**Required action:**
Since the listing below shows pictures, leave them out and write out exactly the lines from the line with "Yarn Jumbo Muffin" to the line with "Pink and Grey Nike Airmax", both included, and no others.

**Record excerpts:**
-- Opening Marker --
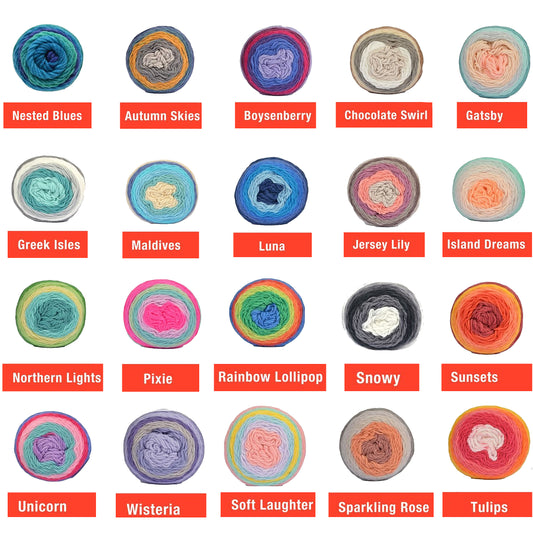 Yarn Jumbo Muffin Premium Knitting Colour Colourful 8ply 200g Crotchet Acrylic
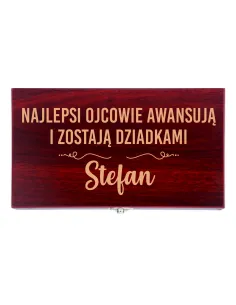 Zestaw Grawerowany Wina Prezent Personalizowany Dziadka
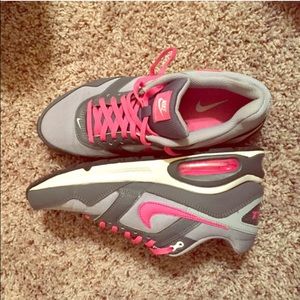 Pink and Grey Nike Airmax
-- Closing Marker --
-- Opening Marker --
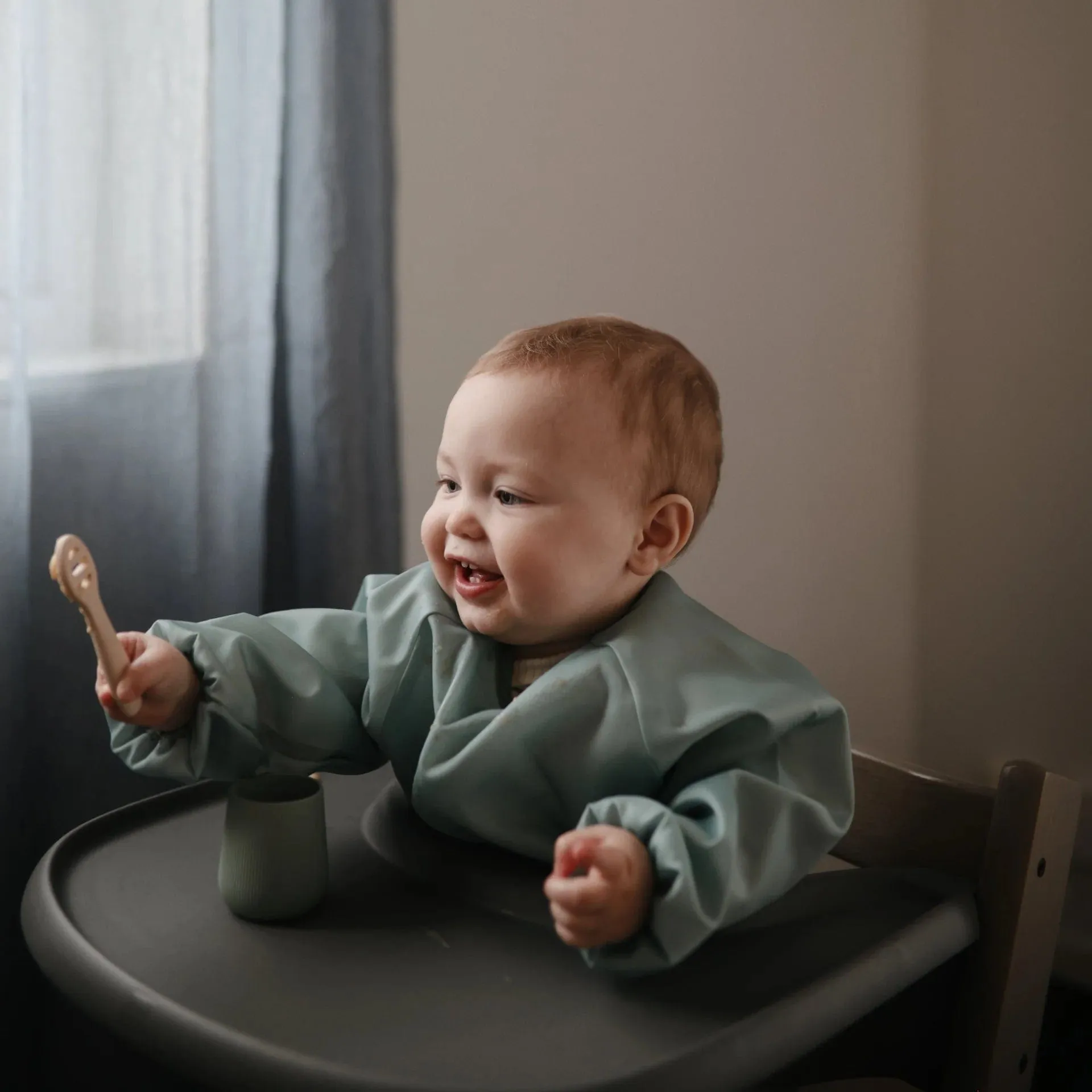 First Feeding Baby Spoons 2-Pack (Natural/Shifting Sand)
-- Closing Marker --
-- Opening Marker --
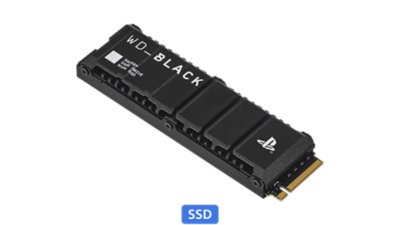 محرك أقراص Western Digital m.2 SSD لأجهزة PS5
-- Closing Marker --
**Response to this task:**
 Yarn Jumbo Muffin Premium Knitting Colour Colourful 8ply 200g Crotchet Acrylic
 Zestaw Grawerowany Wina Prezent Personalizowany Dziadka
 Pink and Grey Nike Airmax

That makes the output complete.